Гравитация и счастье

 

(Гипотеза об их единстве в Природе)

 

В книге автора «Москва – старинный город» (1996) изложена гипо­­теза о единстве гравитации (неживая природа) и счастья (жи­вая, человек). И приведены представленные ни­же график и текст.

      Из графика и написанного тогда текста видно, что автор счи­тает гравитацию не чем-то отдельным, а – результатом взаи­мо­действия двух независимых сил (подобно счастью, рассматрива­емому через разницу на­полняю­щих нашу жизнь двух настроений – любви и ненависти).

      Любовь – это проявление женского начала в живой природе,  в не­жи­вой ей соответствуют, согласно мнению автора, сильные вну­три­ядерные взаи­мо­действия. Ненависть – это мужское начало, соответствие которому – слабые внутриядерные взаимодействия.

      Характер проявления сильных и слабых внутриядерных взаи­мо­дей­ствий изучен (за исключением приближения к «нулю», то есть полного сжатия, для слабых взаимодействий). При этом «вос­­хи­щает» то, что можно увидеть – совпадение изученных «пове­дений» сильных и слабых внутриядерных взаимодействий с проявлениями жен­ского и мужского начал в человеческой жизни.

      Спор идет только об одном: может ли Вселенная схлопнуться в точку? Для исследований этой гипотезы надо расстояние между элементарными частицами в ядре приблизить к «нулю». Для чего их надо сближать при соударениях на все меньшее рассто­я­ние, что и позволя­ет строительство все более мощных ускори­телей. При этом, как счи­тают скептики, не надо даже новых идей. Про­сто «берешь» но­вый, более мощный ускоритель и делаешь на нем все то же самое, что делали еще полвека назад физики-перво­проходцы. И получа­ешь «новые научные результаты».

      Наверное, это все же не совсем так. Хотя доля правды в этом, похоже, есть. И выражается это, в частности, в том, что если раньше на ускорителе строились десятки разных эксперименталь­ных установок, то уже на LHC их будет всего четыре. Что озна­чает: чтобы сегодня стать лидером, надо быть не только талант­ливым ученым, но и очень сильным организатором дела. И все это только для того, чтобы, например, приблизиться к «нулю»…
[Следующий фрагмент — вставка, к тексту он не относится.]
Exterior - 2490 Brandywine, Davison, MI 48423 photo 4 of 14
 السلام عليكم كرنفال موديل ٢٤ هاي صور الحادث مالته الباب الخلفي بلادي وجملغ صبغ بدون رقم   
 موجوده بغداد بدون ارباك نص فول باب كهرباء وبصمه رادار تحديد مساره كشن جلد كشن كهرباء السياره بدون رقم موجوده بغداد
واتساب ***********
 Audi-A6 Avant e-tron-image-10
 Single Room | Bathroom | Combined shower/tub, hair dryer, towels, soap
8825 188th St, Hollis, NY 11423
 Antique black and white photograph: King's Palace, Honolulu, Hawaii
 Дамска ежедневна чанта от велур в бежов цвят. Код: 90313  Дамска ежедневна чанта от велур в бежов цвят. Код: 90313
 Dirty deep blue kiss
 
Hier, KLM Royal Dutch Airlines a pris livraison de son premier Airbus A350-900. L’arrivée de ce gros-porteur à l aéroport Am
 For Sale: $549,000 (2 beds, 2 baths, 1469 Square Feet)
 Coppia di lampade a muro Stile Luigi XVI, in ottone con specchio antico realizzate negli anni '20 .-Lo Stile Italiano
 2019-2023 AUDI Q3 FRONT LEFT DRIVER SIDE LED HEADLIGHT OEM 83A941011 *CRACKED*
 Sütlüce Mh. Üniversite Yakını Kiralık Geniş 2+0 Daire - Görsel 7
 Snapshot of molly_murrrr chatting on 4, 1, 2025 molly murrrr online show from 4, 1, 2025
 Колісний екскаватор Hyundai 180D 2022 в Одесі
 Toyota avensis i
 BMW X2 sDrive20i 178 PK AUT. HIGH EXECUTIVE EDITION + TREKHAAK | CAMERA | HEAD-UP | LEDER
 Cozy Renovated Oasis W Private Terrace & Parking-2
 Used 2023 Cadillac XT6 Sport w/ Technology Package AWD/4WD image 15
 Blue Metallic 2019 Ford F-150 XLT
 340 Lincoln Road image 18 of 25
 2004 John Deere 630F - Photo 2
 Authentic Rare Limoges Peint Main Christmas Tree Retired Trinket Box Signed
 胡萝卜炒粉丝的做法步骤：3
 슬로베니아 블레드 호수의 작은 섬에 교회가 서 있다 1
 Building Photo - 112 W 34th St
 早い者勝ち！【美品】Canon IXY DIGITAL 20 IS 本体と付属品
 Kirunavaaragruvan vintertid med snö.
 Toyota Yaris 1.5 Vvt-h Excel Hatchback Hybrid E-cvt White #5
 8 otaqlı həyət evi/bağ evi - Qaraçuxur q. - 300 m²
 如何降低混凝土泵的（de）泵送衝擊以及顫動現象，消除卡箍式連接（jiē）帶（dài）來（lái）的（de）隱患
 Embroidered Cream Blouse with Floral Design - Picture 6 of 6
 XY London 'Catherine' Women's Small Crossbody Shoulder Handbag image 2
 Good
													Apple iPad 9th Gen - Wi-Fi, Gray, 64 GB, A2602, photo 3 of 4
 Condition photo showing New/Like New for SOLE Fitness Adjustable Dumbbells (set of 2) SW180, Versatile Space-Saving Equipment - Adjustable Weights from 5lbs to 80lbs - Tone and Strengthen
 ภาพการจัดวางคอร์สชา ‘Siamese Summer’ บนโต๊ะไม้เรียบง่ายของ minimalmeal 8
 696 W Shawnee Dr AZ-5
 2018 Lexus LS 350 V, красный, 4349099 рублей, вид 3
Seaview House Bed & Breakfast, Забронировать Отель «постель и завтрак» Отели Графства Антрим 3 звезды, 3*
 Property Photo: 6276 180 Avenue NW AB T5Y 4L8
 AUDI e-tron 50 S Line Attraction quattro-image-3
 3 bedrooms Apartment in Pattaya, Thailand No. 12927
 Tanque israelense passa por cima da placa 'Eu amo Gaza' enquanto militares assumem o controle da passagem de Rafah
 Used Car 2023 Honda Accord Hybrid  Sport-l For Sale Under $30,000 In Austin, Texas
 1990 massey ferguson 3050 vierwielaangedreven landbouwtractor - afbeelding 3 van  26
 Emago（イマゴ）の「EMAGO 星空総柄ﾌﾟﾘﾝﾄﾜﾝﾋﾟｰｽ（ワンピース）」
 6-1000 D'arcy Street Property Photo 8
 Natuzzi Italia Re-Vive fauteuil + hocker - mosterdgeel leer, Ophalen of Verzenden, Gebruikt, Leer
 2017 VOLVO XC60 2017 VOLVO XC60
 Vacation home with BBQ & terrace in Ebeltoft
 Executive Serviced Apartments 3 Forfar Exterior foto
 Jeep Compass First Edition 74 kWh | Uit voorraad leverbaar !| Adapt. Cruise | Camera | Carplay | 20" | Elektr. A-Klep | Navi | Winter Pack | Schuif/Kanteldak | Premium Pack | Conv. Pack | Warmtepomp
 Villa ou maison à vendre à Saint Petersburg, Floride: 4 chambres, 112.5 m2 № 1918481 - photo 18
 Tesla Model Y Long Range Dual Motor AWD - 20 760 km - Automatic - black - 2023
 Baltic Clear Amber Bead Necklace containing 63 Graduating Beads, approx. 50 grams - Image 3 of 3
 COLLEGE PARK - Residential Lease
      При том что этого можно было бы и не делать. Так, если на­ше красивое предположение о схожести законов в живой и нежи­вой природе окажется верным – а почему бы и нет? – то вместо соз­дания нового ускорителя можно будет просто присмотреться       к тому, как стро­ятся отношения между мужчиной и женщиной.

      Исходя из наблюдаемого стремления женщин держать своих мужчин «под юбкой» (командовать ими до мелочей), что делает одних «подкаблучниками», а у других – настоящих «мужиков» – вызывает раздражение, грозящее перейти в ненависть и развод, можно утверждать: сближение до «нуля» между мужским и жен­ским – невозможно. Откуда, с учетом сказанного выше, сделаем «научный» вывод: схлопывание Вселенной в точку невозможно.

      Это не совпадает с мнением самого Эйнштейна? Но ведь он – не Бог, перед которым нам положено склонять наши головы. Да и были другие физики, которые – и без наших дока­за­тельств – были с ним тоже не согласны. Впрочем, в смиренном обращении автора к автори­тету Эйнштейна есть некий элемент лукавства…

      Пусть нас судят не люди, а – время.

      А вот по поводу времени автор (склонный рассматривать дер­жа­щую на привязи звезды во Вселенной гравитацию как взаимо­дей­ст­вие двух сил в Природе, выражающих Энергию и Красоту) утвер­ж­да­ет, что в жизни чело­века оно раз­делено на две бо­ль­ших составляю­щих, которые в Вет­хом Завете представлены как время раз­брасывать камни и вре­мя собирать камни. Время творче­с­тва и время внедрения. И что су­ще­­ствует «точка равно­весия», куда стре­ми­т­ся, по­хоже, раз­ви­тие Вселенной. Но еще не дости­гло ее – за недостатком Красоты?

     

 

 

 

 

 

 

 

          И мы, по-видимому, созданные для этой цели, живем на этом этапе – движения к какой-то затерявшейся в «разбега­ю­ще­м­ся» зве­зд­ном пространстве царственно спокойной «пристани». Не по­нимая своего предназначения и надеясь в своем устремлении       в научных исследованиях раскрыть все тайны При­роды, строя смелые теории-гипотезы и гиганты-ускорители для проникнове­ния разума в знания об устройстве материи. Забывая о том, что человек – это лишь «инструмент» у Вселенского (Святого) Духа.

  А еще о том, что помимо общих законов есть част­ная жизнь чело­века-личности. Который может управлять, уж во вся­ком случае, – разделением времени в своей судьбе. Чтобы выби­рать – быть ли ему в науке чистильщиком сапог или же капи­та­ном про­клады­вающего дорогу оружием многопушечного корабля?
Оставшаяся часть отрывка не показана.